(What you need to do)
Return the lines below exactly as they appear, please, starting with the first and ending with the one that contains "Ruby 0.678ct / Thailand".

________________________

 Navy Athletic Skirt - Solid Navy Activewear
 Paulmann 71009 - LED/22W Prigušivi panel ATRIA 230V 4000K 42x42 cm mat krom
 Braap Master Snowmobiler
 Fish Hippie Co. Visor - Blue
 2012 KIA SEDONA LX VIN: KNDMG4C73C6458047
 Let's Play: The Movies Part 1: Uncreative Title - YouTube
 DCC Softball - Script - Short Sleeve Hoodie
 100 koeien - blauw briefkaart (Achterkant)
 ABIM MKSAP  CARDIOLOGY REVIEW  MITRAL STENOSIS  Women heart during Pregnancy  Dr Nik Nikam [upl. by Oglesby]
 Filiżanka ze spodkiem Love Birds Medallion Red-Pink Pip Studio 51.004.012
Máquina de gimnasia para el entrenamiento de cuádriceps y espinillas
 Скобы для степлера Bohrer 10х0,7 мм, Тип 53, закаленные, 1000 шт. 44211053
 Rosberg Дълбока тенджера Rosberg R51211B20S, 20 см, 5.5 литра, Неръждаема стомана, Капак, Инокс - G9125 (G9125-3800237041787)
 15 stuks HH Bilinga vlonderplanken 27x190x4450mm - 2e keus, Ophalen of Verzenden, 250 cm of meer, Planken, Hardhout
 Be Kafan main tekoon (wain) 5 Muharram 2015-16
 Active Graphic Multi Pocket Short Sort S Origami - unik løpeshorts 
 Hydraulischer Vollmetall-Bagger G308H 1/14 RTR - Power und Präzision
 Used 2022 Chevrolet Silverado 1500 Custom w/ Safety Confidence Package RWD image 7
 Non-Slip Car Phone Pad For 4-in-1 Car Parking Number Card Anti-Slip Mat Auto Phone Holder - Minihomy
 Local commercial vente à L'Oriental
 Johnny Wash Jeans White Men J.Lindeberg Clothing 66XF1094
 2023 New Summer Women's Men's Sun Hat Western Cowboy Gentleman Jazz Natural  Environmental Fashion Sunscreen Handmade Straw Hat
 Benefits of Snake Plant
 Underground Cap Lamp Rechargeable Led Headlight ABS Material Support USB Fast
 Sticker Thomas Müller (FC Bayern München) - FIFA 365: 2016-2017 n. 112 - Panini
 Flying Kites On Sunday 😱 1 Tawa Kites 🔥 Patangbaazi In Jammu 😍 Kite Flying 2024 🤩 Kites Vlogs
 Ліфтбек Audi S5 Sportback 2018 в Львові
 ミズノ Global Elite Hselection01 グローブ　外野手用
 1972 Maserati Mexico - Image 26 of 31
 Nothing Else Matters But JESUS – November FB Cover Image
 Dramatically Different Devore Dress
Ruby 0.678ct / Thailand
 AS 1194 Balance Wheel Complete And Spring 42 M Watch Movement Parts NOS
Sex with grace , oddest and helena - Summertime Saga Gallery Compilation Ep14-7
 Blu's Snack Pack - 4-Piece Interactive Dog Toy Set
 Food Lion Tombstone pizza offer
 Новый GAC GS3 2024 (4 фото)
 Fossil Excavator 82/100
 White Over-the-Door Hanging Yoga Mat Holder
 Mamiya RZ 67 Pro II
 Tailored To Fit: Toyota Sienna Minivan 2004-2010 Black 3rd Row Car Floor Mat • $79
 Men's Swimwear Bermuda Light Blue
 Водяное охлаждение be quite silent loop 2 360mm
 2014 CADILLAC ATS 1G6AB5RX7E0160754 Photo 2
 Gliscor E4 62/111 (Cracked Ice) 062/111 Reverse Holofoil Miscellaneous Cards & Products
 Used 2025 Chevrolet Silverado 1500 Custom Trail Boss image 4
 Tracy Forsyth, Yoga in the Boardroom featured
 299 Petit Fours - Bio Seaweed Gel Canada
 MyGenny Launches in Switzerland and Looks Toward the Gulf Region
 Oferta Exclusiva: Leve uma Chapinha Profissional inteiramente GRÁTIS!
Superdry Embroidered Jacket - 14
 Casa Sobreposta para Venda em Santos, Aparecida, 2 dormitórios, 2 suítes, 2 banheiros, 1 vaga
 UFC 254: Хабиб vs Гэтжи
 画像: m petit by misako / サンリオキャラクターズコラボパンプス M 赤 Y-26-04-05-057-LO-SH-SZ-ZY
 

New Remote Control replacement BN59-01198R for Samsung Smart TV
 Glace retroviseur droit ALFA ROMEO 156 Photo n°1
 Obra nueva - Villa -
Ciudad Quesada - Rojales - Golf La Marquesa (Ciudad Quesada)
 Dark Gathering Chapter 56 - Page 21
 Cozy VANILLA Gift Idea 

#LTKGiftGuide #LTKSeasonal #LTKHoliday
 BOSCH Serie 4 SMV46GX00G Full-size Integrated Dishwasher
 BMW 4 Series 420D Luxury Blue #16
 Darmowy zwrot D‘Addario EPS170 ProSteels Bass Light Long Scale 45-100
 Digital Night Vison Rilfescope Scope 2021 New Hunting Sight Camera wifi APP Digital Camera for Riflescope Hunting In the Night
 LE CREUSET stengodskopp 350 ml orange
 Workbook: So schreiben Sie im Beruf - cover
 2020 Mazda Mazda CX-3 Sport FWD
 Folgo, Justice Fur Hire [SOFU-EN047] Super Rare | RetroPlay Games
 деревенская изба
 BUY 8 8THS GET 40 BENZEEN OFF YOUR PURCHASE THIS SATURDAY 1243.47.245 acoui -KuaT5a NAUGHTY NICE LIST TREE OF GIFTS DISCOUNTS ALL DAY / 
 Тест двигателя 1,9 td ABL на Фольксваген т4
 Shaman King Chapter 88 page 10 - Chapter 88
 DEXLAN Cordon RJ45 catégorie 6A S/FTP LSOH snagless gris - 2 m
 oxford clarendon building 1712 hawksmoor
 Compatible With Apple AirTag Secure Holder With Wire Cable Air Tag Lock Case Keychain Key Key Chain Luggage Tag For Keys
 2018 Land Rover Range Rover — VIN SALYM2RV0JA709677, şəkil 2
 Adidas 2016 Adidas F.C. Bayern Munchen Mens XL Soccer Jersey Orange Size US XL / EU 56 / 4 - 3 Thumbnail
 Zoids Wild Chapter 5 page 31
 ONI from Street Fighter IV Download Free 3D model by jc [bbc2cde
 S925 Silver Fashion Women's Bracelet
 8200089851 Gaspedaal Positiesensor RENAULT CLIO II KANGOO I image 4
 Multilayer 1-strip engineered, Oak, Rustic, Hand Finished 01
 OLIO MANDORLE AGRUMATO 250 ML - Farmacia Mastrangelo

________________________

(Response box)
 Navy Athletic Skirt - Solid Navy Activewear
 Paulmann 71009 - LED/22W Prigušivi panel ATRIA 230V 4000K 42x42 cm mat krom
 Braap Master Snowmobiler
 Fish Hippie Co. Visor - Blue
 2012 KIA SEDONA LX VIN: KNDMG4C73C6458047
 Let's Play: The Movies Part 1: Uncreative Title - YouTube
 DCC Softball - Script - Short Sleeve Hoodie
 100 koeien - blauw briefkaart (Achterkant)
 ABIM MKSAP  CARDIOLOGY REVIEW  MITRAL STENOSIS  Women heart during Pregnancy  Dr Nik Nikam [upl. by Oglesby]
 Filiżanka ze spodkiem Love Birds Medallion Red-Pink Pip Studio 51.004.012
Máquina de gimnasia para el entrenamiento de cuádriceps y espinillas
 Скобы для степлера Bohrer 10х0,7 мм, Тип 53, закаленные, 1000 шт. 44211053
 Rosberg Дълбока тенджера Rosberg R51211B20S, 20 см, 5.5 литра, Неръждаема стомана, Капак, Инокс - G9125 (G9125-3800237041787)
 15 stuks HH Bilinga vlonderplanken 27x190x4450mm - 2e keus, Ophalen of Verzenden, 250 cm of meer, Planken, Hardhout
 Be Kafan main tekoon (wain) 5 Muharram 2015-16
 Active Graphic Multi Pocket Short Sort S Origami - unik løpeshorts 
 Hydraulischer Vollmetall-Bagger G308H 1/14 RTR - Power und Präzision
 Used 2022 Chevrolet Silverado 1500 Custom w/ Safety Confidence Package RWD image 7
 Non-Slip Car Phone Pad For 4-in-1 Car Parking Number Card Anti-Slip Mat Auto Phone Holder - Minihomy
 Local commercial vente à L'Oriental
 Johnny Wash Jeans White Men J.Lindeberg Clothing 66XF1094
 2023 New Summer Women's Men's Sun Hat Western Cowboy Gentleman Jazz Natural  Environmental Fashion Sunscreen Handmade Straw Hat
 Benefits of Snake Plant
 Underground Cap Lamp Rechargeable Led Headlight ABS Material Support USB Fast
 Sticker Thomas Müller (FC Bayern München) - FIFA 365: 2016-2017 n. 112 - Panini
 Flying Kites On Sunday 😱 1 Tawa Kites 🔥 Patangbaazi In Jammu 😍 Kite Flying 2024 🤩 Kites Vlogs
 Ліфтбек Audi S5 Sportback 2018 в Львові
 ミズノ Global Elite Hselection01 グローブ　外野手用
 1972 Maserati Mexico - Image 26 of 31
 Nothing Else Matters But JESUS – November FB Cover Image
 Dramatically Different Devore Dress
Ruby 0.678ct / Thailand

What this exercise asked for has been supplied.